Tuesday, May 24, 2005

Invisible effects

A collection of links to works inspired by the writings of Italo Calvino, particularly Invisible Cities (via Bookninja):
What makes up a city is not so much its physical structure but the impression it imparts upon its visitors, the way its inhabitants move within, something unseen that hums between the cracks.


Contemplating these essential landscapes, Kublai reflected on the invisible order that sustains cities, on the rules that decreed how they rise, take shape and prosper, adapting themselves to the seasons, and then how they sadden and fall in ruins. At times he thought he was on the verge of discovering a coherent, harmonious system underlying the infinite deformities and discords, but no model could stand up to comparison with the game of chess. Perhaps, instead of racking one's brain to suggest with the ivory pieces' scant help visions which were anyway destined to oblivion, it would suffice to play a game according to the rules, and to consider each successive state of the board as one of the countless forms that the system of forms assembles and destroys.

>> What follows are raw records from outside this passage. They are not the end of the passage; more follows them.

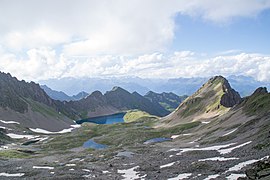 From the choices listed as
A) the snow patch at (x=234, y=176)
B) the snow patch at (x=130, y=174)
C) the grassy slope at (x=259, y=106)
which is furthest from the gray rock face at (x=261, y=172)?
the grassy slope at (x=259, y=106)

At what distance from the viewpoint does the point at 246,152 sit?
184 feet

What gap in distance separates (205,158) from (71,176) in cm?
2505

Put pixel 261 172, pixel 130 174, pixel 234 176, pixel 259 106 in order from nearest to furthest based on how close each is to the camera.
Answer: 1. pixel 261 172
2. pixel 234 176
3. pixel 130 174
4. pixel 259 106

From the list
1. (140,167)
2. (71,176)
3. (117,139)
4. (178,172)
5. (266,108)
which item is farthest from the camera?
(117,139)

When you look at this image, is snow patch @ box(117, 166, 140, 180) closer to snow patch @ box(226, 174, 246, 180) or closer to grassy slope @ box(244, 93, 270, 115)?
snow patch @ box(226, 174, 246, 180)

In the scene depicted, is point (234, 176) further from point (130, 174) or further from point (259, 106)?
point (259, 106)

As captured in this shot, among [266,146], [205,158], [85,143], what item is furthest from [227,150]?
[85,143]

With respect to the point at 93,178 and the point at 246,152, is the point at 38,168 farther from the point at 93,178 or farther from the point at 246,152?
the point at 246,152

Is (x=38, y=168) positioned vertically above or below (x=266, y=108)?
below

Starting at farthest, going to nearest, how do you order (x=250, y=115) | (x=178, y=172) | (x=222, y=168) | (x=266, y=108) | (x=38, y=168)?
(x=250, y=115) < (x=266, y=108) < (x=38, y=168) < (x=178, y=172) < (x=222, y=168)

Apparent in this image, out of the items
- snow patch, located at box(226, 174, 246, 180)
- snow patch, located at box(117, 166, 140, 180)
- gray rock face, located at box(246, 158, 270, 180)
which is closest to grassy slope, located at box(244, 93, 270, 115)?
snow patch, located at box(117, 166, 140, 180)

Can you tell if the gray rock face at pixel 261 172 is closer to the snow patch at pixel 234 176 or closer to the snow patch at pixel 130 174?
the snow patch at pixel 234 176

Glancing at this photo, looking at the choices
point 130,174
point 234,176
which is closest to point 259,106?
point 130,174

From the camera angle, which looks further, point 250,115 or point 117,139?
point 117,139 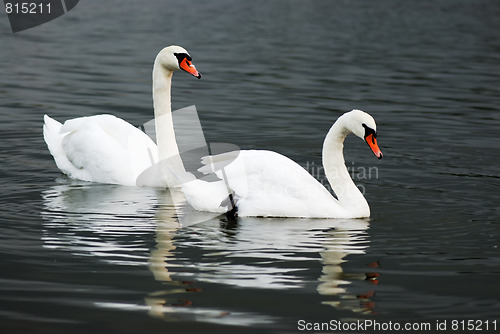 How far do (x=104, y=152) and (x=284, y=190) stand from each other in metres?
2.66

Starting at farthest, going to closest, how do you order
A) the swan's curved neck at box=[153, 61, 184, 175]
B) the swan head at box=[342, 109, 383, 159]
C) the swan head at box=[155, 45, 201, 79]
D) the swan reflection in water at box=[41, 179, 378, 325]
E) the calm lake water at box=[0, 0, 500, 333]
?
the swan's curved neck at box=[153, 61, 184, 175], the swan head at box=[155, 45, 201, 79], the swan head at box=[342, 109, 383, 159], the swan reflection in water at box=[41, 179, 378, 325], the calm lake water at box=[0, 0, 500, 333]

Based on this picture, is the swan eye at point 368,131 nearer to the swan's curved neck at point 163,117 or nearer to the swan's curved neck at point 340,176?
the swan's curved neck at point 340,176

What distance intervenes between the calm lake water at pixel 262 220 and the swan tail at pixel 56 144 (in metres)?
0.17

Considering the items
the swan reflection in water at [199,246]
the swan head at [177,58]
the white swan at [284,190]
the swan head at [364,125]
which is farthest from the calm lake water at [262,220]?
the swan head at [177,58]

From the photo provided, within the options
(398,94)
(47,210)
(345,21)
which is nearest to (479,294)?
(47,210)

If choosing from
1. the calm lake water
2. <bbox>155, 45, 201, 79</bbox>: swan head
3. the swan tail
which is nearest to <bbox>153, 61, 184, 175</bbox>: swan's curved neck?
<bbox>155, 45, 201, 79</bbox>: swan head

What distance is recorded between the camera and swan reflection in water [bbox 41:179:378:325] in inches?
271

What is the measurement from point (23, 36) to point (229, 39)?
5.82 meters

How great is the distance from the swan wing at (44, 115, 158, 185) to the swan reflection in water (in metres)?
0.52

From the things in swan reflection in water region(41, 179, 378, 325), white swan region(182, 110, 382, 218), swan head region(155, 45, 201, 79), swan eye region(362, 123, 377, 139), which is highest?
swan head region(155, 45, 201, 79)

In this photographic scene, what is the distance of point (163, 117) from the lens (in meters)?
11.1

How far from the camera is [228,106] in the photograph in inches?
639

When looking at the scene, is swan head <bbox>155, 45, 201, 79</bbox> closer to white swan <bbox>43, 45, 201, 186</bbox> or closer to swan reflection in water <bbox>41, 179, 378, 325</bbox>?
white swan <bbox>43, 45, 201, 186</bbox>

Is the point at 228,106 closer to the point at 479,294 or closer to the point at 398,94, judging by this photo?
the point at 398,94
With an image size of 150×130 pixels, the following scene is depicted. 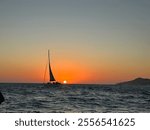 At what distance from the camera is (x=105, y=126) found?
3.39 m

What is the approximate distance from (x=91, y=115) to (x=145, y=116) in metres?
0.62

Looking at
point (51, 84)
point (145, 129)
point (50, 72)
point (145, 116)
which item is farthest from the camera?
point (51, 84)

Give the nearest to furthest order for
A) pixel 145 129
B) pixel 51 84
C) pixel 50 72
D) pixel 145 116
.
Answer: pixel 145 129 → pixel 145 116 → pixel 50 72 → pixel 51 84

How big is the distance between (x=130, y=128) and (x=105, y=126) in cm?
27

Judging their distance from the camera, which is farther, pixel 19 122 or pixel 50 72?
pixel 50 72

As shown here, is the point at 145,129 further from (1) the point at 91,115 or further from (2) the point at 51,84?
(2) the point at 51,84

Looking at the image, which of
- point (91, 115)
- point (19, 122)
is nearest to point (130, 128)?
point (91, 115)

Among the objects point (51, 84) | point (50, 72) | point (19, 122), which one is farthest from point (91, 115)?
point (51, 84)

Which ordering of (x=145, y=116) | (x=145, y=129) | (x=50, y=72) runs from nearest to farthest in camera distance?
(x=145, y=129) < (x=145, y=116) < (x=50, y=72)

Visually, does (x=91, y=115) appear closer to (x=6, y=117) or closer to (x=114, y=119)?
(x=114, y=119)

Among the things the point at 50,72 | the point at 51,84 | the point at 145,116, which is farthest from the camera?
the point at 51,84

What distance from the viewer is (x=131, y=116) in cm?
364

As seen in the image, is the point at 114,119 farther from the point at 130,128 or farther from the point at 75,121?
the point at 75,121

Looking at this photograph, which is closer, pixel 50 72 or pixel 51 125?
pixel 51 125
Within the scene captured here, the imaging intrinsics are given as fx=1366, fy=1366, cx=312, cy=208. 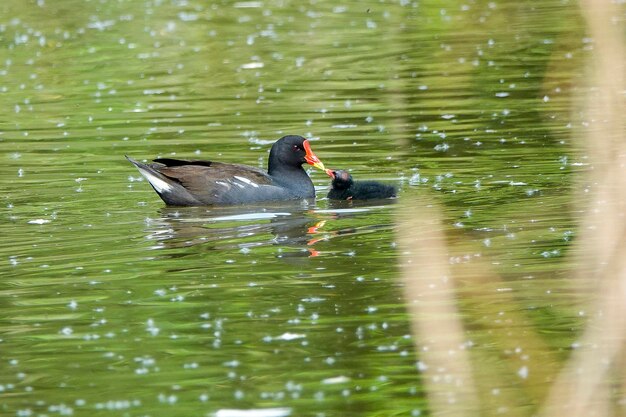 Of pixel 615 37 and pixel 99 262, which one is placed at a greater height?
pixel 615 37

"The Calvino Effect" in my life:
  • In grade 7 I produced a series of reports ("future scenarios")with conceptual cover art — a city, always the same city, but retold. I was not yet familiar with the work of Calvino, but it's evident my mind was already open to him.
  • My discovery of Calvino via a radio reading of If on a Winter's Night a Traveller (I was maybe 15) opened up for me a new path through life.
  • An attempted visit, failed, to the town of Malbork.
  • My cat, Calvino.

1 comment:

Kimberly said...

After reading this post, I went looking for my copy of Invisible Cities, the one pleasure in an otherwise miserable grad school design class some years ago. Sadly, it was nowhere to be found. I'm buying another copy. There are several of those cities I want to revisit... though I no longer remember their names.